Florian Fels, CEO of Ringier Axel Springer Media AG: “With our stake in AZET.SK, we have instantly acquired a leading position in Slovakia’s online market, which is expected to grow by up to 25 percent over the coming years according to current forecasts. This portal with its wide range of content is an excellent fit with our strong media brands and products, as well as an ideal addition to our current portfolio in Slovakia. I am especially delighted that the existing management team with the four AZET founders will remain with AZET and support the ongoing process of innovation and digitalization launched by Ringier Axel Springer Media AG in Central and Eastern Europe.”
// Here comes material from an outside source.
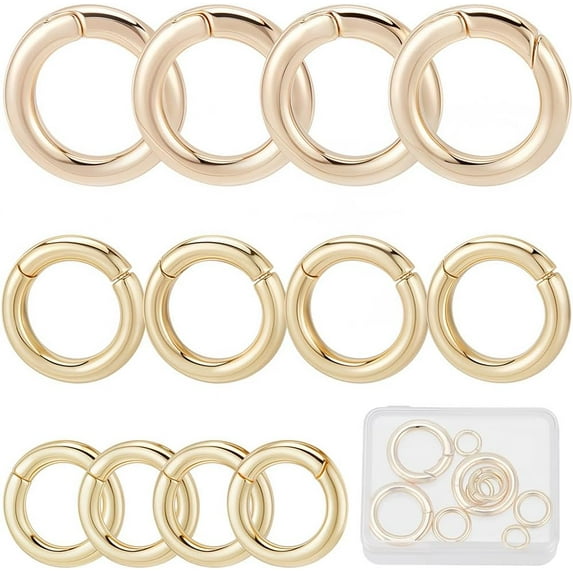 1 Box 12Pcs 10/14/23mm Real 18K Gold Plated Trigger Spring O Rings Metal Round Carabiner Clip Snap Hook Spring Keyring Buckle for Keychain Lanyard Bag Purse Jewelry Making Supplies DIY Craft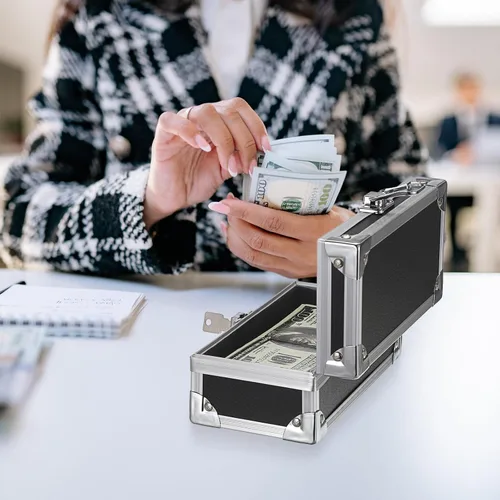 Miniatura 3 de Hipiwe Caja de Dinero con Cerradura, Caja de Dinero de Aleación de Aluminio para Almacenamiento de Dinero con Cerradura, Bandeja de Monedas de Una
Milan Dubec, founder and CEO of AZET.SK: “In Ringier Axel Springer Media we have found the right partner for AZET with a strong interest in a strategic partnership. Our common goal is to continue expanding our online business and strengthen AZET’s market position. We are looking forward to this promising collaboration.”

In the current Deloitte ranking of the fastest growing technology companies in Central Europe, AZET.SK is in eighth place over all and in first place in Slovakia (Technology Fast 50 Central Europe 2010).